Tek-Tips is the largest IT community on the Internet today!

Members share and learn making Tek-Tips Forums the best source of peer-reviewed technical information on the Internet!

  • Congratulations biv343 on being selected by the Tek-Tips community for having the most helpful posts in the forums last week. Way to Go!

HTML Chars in XML

Status
Not open for further replies.

Sarky78

Programmer
Oct 19, 2000
878
GB
Hi guys,

I have got an XML file that has been created using PHP, and I am now trying to read the file back in. The problem is that where I have replaced HTML special characters using htmlspecialchars, when i read this back in I get what appears to be a line break.
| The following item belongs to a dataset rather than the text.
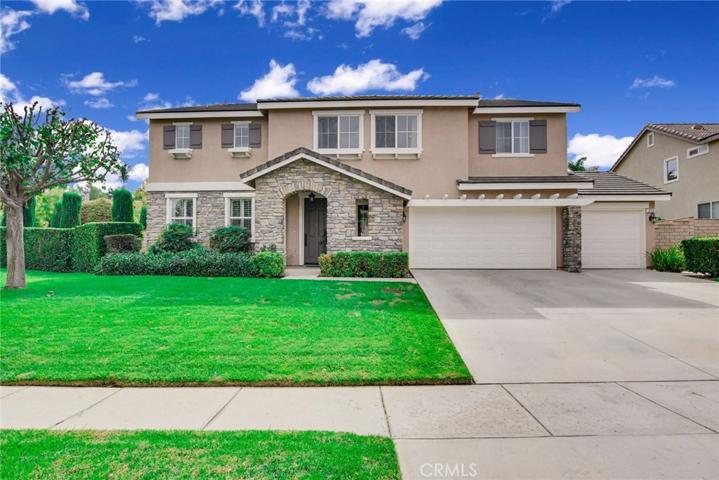 336 Villafranca Street, Corona, California 92879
So if in the XML document I have got something like this:

Liverpool's Players

When I come to read it back out from the XML document I get:

Liverpool
'
s Players


i'm using the usual XML reading code

$xml_parser = xml_parser_create();
xml_set_element_handler($xml_parser, "startElement", "endElement");
xml_set_character_data_handler($xml_parser, "characterData");
if (!($fp = fopen($file, "r"))) {
die("could not open XML input");
}//if
while ($data = fread($fp, 4096)) {
if (!xml_parse($xml_parser, $data, feof($fp))) {
$ErrorMessage = "An error has occured while importing the XML data.";
$ErrorMessage = $ErrorMessage . "The XML file that was being imported was $file";
}//if
}//while
xml_parser_free($xml_parser);

and this is the code that I am using to output the ThemeName

} else if (($NodeName == 'THEMENAME') && (Trim($data) != '')) {
echo nl2br($data) . &quot;<BR>&quot;;
$ThemeName = AddSlashes($data);

At the moment this is the only one that I am looking at but I am assuming that all of the other elements in the xml document are going to have the same problem. I am using PHP 4.3.1 on a win2k server.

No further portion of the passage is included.